What to produce: Nothing should appear in the answer except the lines below from the line containing "Free photo hot" through the line containing "Detail view of", copied exactly, with pictures left out.
───── Data section
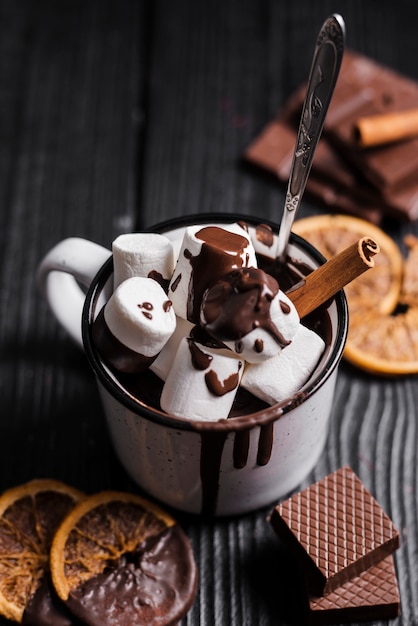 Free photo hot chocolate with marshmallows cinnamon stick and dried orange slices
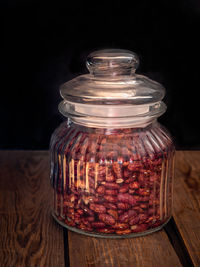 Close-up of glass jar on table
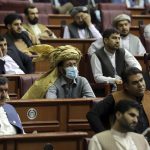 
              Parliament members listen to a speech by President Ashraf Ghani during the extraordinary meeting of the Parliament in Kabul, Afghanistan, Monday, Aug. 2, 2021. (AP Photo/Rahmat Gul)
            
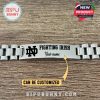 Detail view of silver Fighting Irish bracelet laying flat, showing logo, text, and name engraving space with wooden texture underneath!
──────────
───── Data section
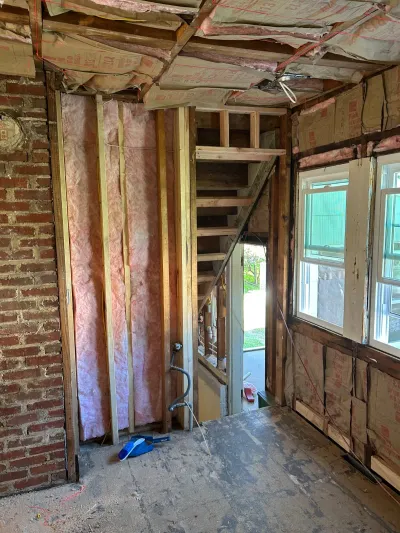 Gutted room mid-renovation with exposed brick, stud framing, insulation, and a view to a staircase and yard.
──────────
───── Data section
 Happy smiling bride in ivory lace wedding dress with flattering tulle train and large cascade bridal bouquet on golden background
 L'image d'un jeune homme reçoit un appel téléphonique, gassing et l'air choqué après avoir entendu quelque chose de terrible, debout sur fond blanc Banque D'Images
──────────
Response box:
 Free photo hot chocolate with marshmallows cinnamon stick and dried orange slices
 Close-up of glass jar on table
              Parliament members listen to a speech by President Ashraf Ghani during the extraordinary meeting of the Parliament in Kabul, Afghanistan, Monday, Aug. 2, 2021. (AP Photo/Rahmat Gul)
            
 Detail view of silver Fighting Irish bracelet laying flat, showing logo, text, and name engraving space with wooden texture underneath!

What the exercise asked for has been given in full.